And what that means is that if you had an infinite data set and an infinite amount of time and you could solve this optimization problem perfectly then you should just recover the weak model predictions. So the strong model should converge to just doing the same thing that the weak model would do and we will not have any improvement. We will not see any pgR. We'll just get zero. But what we actually want is something different. Let's go to the next slide.

Yeah so we want to the strong model to be able to contradict the weak model predictions in certain cases. So when the strong model already has a pretty good idea of what the task is and it believes that the label should be different from what the weak model suggests, it shouldn't, we shouldn't overwrite it. We should follow what the strong model wants to predict.

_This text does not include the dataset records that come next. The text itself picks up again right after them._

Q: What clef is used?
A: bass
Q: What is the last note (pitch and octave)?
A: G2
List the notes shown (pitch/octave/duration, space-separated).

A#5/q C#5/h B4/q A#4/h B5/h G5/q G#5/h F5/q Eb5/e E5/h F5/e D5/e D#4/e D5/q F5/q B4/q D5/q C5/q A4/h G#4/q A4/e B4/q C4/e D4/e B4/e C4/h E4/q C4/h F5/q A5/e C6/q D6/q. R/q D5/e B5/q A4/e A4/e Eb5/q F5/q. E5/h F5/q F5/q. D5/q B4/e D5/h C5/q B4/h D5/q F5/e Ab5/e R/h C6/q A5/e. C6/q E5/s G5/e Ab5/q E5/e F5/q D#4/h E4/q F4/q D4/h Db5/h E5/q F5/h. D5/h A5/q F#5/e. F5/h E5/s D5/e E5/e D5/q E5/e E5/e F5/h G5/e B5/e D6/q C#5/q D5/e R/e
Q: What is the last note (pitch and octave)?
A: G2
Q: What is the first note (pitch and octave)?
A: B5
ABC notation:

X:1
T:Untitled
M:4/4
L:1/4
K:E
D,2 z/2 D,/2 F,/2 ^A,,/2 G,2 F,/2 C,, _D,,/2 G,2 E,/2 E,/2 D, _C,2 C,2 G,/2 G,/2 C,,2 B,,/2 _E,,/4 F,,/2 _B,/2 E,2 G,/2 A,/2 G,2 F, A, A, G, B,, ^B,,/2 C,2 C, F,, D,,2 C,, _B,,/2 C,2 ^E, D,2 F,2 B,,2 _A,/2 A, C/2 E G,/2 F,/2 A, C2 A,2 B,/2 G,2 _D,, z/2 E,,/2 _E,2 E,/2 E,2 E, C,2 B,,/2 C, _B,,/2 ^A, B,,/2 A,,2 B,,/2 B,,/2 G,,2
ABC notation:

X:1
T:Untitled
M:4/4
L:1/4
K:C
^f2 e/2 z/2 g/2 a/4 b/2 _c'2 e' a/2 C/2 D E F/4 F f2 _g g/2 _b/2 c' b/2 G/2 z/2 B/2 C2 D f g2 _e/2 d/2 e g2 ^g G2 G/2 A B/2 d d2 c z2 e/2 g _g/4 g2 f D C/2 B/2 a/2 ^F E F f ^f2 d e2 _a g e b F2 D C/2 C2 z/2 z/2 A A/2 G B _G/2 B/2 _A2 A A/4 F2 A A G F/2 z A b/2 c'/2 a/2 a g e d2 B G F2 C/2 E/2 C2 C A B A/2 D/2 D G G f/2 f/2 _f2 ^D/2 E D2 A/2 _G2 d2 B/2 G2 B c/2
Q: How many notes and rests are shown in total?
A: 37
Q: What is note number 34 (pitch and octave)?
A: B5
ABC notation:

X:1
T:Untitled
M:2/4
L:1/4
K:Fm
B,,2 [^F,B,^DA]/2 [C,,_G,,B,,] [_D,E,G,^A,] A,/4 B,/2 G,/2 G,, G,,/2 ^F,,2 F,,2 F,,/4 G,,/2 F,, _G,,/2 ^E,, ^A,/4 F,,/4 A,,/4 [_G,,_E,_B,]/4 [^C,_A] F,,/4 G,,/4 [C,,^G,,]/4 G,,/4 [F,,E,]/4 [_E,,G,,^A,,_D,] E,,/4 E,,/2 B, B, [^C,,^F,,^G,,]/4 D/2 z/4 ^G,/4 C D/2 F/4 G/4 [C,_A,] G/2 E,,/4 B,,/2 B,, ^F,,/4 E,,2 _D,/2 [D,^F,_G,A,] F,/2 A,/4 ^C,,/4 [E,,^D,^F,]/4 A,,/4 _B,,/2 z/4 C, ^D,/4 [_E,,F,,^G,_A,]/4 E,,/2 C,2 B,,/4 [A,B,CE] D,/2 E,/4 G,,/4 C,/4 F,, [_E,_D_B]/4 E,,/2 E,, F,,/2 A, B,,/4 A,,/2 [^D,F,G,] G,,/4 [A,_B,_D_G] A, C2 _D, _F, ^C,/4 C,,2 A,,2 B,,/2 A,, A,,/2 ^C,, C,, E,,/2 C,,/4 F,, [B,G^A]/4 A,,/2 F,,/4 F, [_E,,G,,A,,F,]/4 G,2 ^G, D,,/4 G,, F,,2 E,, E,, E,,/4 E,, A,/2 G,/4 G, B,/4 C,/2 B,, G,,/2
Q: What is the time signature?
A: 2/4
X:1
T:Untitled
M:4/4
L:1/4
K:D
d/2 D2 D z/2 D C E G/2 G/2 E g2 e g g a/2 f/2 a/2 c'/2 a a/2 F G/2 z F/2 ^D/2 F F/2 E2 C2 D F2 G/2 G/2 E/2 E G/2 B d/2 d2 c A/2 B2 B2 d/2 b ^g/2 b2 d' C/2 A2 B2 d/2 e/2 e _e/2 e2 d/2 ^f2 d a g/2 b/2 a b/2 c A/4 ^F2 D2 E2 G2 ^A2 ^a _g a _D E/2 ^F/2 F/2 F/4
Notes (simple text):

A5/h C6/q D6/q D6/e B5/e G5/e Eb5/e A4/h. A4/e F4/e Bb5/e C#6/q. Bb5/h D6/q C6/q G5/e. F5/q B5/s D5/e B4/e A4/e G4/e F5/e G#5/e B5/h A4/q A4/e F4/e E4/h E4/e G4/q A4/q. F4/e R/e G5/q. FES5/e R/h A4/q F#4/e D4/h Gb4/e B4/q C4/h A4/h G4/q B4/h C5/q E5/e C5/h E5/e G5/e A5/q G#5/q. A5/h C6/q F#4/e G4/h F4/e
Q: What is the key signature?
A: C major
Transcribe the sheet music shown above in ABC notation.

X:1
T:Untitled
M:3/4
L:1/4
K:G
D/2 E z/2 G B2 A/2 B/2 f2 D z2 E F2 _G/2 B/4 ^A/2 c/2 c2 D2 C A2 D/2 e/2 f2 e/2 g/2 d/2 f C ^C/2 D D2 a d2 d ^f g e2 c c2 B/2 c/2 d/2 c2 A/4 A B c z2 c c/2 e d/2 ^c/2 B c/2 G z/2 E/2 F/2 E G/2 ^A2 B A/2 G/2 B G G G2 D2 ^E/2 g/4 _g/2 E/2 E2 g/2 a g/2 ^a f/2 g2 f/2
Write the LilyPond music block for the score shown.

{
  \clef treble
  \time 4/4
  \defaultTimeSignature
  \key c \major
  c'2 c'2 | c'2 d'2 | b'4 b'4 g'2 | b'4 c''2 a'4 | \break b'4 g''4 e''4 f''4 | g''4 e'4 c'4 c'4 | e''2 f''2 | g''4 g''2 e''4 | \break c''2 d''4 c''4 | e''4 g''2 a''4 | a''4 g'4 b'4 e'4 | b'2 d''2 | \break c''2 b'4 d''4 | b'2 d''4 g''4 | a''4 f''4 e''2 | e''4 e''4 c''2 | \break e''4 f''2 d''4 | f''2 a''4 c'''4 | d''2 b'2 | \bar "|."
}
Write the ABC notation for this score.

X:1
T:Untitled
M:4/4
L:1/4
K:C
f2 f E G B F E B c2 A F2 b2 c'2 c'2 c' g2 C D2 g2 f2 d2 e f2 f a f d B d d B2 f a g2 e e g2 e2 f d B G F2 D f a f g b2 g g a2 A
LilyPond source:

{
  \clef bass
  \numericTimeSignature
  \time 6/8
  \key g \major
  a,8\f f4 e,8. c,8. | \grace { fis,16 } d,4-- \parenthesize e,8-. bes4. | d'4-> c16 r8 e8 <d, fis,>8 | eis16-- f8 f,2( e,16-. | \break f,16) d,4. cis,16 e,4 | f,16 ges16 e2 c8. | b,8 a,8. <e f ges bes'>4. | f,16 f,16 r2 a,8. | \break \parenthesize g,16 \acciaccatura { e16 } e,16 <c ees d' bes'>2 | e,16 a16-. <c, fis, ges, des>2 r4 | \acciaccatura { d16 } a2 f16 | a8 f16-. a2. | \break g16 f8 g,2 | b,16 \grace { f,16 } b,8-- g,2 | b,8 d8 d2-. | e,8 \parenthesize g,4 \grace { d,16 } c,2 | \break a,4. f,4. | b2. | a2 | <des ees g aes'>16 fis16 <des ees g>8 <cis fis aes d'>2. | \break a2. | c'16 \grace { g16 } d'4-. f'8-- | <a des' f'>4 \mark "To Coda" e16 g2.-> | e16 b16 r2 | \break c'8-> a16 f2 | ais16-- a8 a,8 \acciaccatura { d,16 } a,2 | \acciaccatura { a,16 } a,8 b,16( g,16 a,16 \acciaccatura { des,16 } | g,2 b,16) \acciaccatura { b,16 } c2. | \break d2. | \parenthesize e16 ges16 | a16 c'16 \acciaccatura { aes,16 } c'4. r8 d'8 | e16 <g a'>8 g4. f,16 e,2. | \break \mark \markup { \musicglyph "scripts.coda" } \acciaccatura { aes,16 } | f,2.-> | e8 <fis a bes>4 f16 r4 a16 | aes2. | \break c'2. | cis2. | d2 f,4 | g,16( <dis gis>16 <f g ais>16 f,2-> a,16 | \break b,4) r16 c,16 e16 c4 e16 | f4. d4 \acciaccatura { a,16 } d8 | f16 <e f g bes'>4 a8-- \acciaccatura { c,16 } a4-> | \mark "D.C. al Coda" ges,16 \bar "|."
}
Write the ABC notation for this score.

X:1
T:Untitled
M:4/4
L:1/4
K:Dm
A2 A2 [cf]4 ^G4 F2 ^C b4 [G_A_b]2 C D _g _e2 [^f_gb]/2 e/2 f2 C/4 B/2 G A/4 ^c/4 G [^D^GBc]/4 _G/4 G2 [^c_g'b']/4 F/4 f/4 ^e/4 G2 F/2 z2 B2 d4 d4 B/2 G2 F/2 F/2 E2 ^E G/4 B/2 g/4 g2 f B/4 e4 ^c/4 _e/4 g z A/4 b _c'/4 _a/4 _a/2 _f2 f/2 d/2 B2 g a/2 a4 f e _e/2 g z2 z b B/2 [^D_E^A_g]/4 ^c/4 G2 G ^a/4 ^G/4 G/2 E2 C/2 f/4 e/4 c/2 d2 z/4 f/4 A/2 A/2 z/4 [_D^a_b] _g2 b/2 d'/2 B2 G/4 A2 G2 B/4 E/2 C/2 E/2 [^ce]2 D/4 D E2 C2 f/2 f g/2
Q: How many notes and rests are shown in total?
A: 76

And we can operationalize this intuition by using this simple adjustment of the loss. So here we are mixing in some of the predictions from the strong model together with the weak model predictions. So we use a linear combination of those two. Which means that instead of just training the strong model to make the same predictions as the weak model would do, we are adjusting to sometimes follow our own predictions. And there are some details here which I'm skipping for the sake of time. But this is the main intuition. And it turns out that this idea works really well.

So we can substantially improve the results in the NLP setting. So here we are again comparing to the baseline. And you can see that where before we are getting let's say like 30% PGR, we can go to almost 80% in certain cases. So it is actually working extremely well in NLP. And if we look at individual datasets, the results are quite striking. So on many of them we are basically seeing this very dramatic jump from pretty bad performance to basically recovering the full performance of the large model.

So GPT-2 supervising GPT-4, we are almost recovering the full performance of the GPT-4. Even when the weak model had around 60% accuracy, we can recover almost 90% accuracy. For example in the leftmost, in the first experiment, there are some datasets where it doesn't actually work. So out of our 22 datasets, it seems that about two or three datasets show negative results from this loss. But they also tend to be datasets where we already see some weirdness even with the baseline. So for example here the performance doesn't just improve with the size of the strong model even when we train on the ground truth labels.

And a final thought is this still doesn't help on the reward modeling task. So both of the methods that I described don't help with reward models and we are still looking for a satisfying kind of method, satisfying resolution for the reward models. And yeah, this is still something for future work. So yes, those are the main results and in the paper we are also spending a bit of time looking into understanding and we are looking for example into how much the weak model simulates, the strong model simulates the weak model. And we also have some other results that I'll not be able to present here today due to time constraints, but I wanted to share this one understanding result.

So as I mentioned already, naively when we train the strong model into weak model supervision, one of the failure modes is that we'll just mimic the predictions of the supervisor. And the weak model, the strong model will just follow the same mistakes that the weak model would make and that's what should happen if we had an infinite data set and an infinite amount of time. But in practice we are training on a finite data set and so it's an open question how much the strong model will mimic the predictions of the weak model. And we can actually study this directly so we can consider this agreement metric which is the fraction of the test data points where the student and the supervisor make the same predictions. So after we train the student on the labels from the supervisor, what's the fraction of the test inputs that they label in the same way.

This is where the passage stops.